In the entries below, find the line with "Kb-X10 Kuback Siyah" and the line with "Set of Two J.Crew"; copy them and every line between them exactly, but not the pictures.

━━ Working data

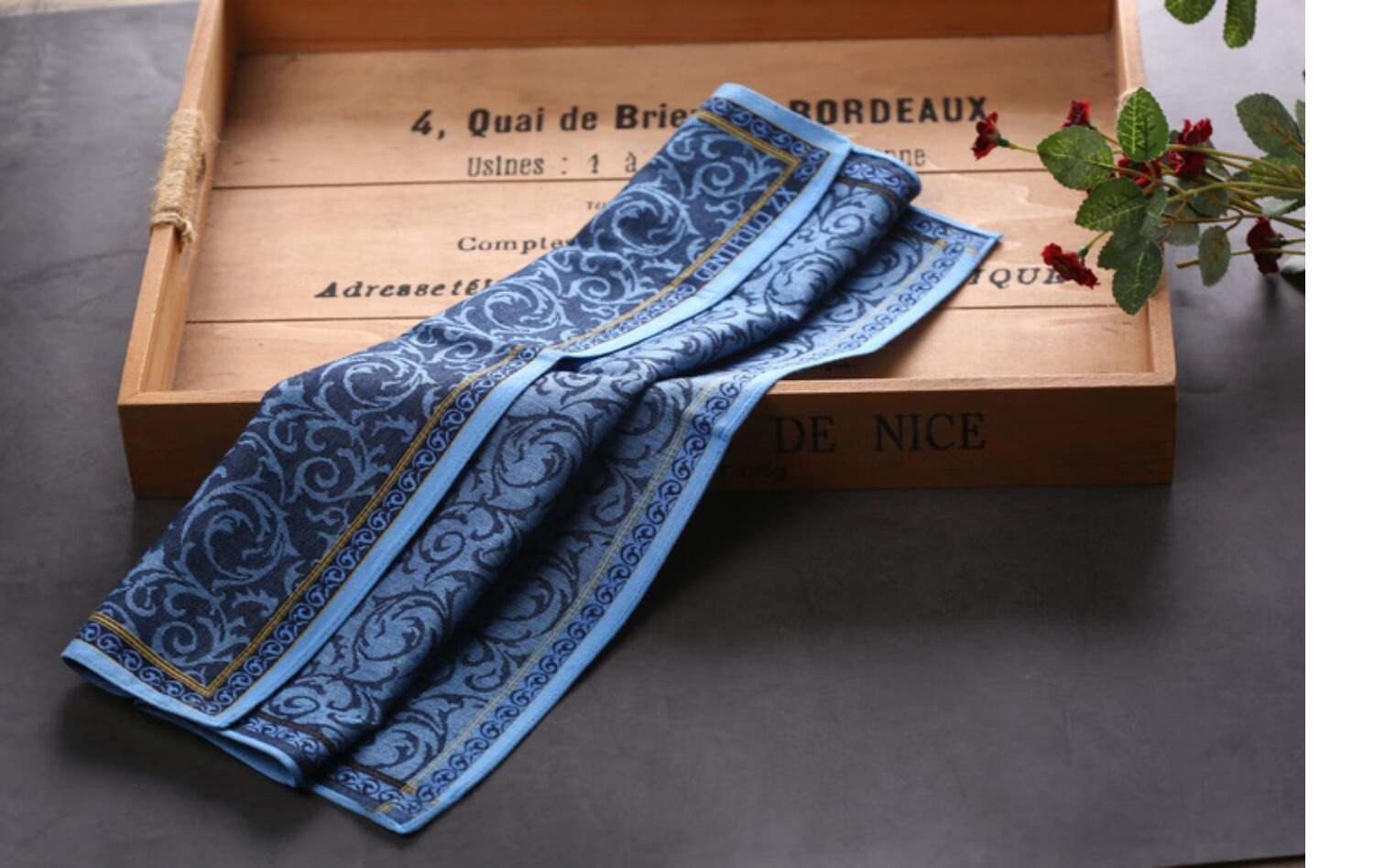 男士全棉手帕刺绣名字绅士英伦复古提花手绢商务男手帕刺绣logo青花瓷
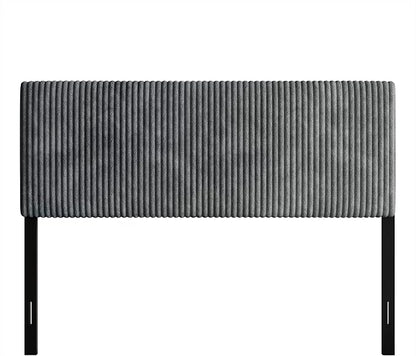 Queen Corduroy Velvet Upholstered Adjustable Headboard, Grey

━━━━
━━ Working data

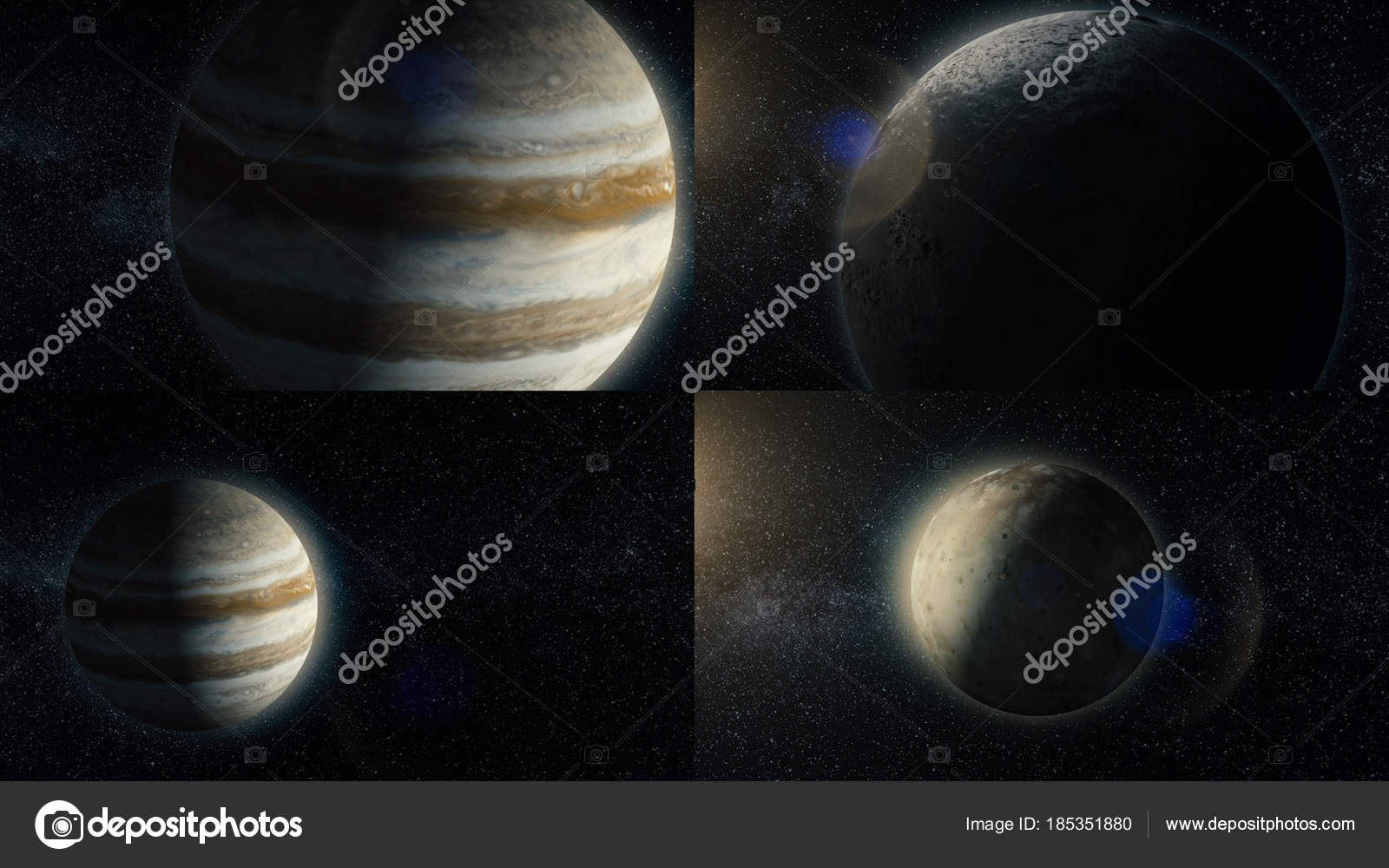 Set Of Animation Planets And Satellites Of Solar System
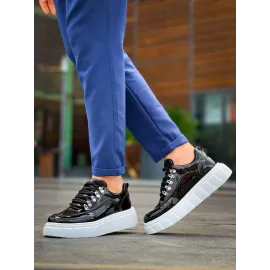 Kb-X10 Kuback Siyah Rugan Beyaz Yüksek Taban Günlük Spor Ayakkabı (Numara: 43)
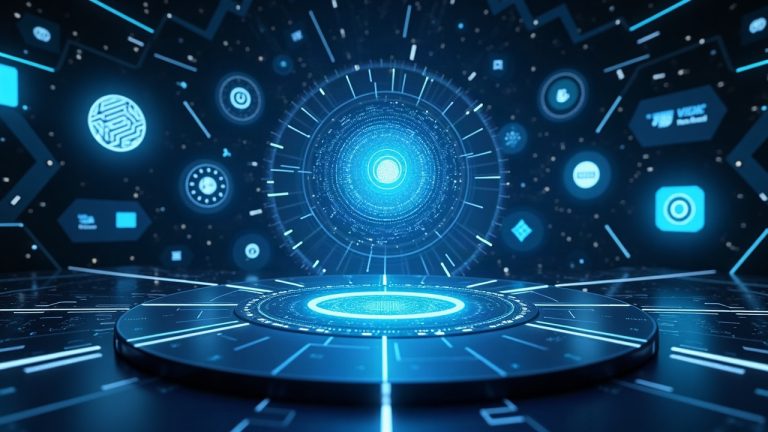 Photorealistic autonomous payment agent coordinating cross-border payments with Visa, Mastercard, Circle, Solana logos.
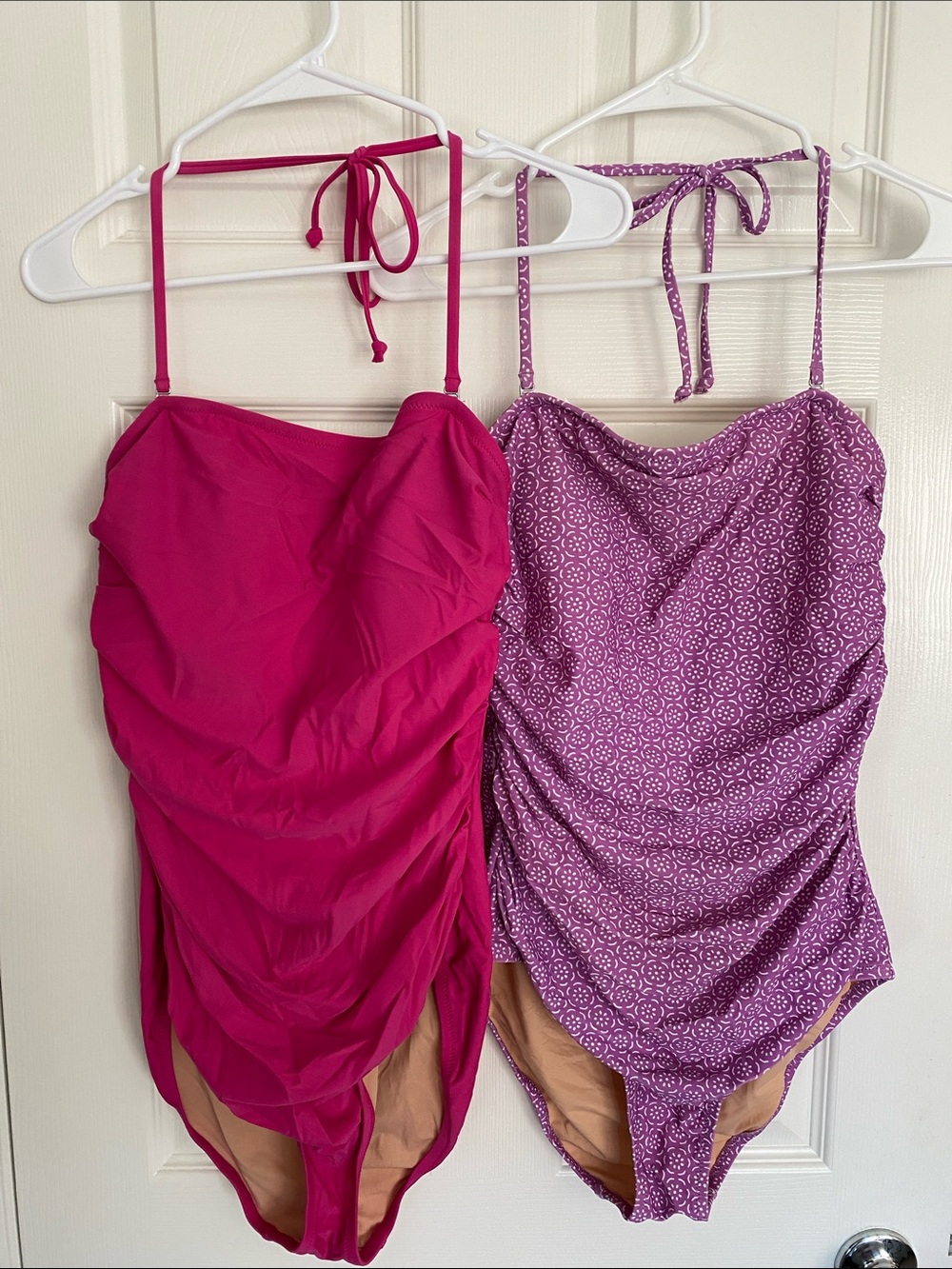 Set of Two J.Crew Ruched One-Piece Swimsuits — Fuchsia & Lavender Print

━━━━

| Answer to this exercise |
 Kb-X10 Kuback Siyah Rugan Beyaz Yüksek Taban Günlük Spor Ayakkabı (Numara: 43)
 Photorealistic autonomous payment agent coordinating cross-border payments with Visa, Mastercard, Circle, Solana logos.
 Set of Two J.Crew Ruched One-Piece Swimsuits — Fuchsia & Lavender Print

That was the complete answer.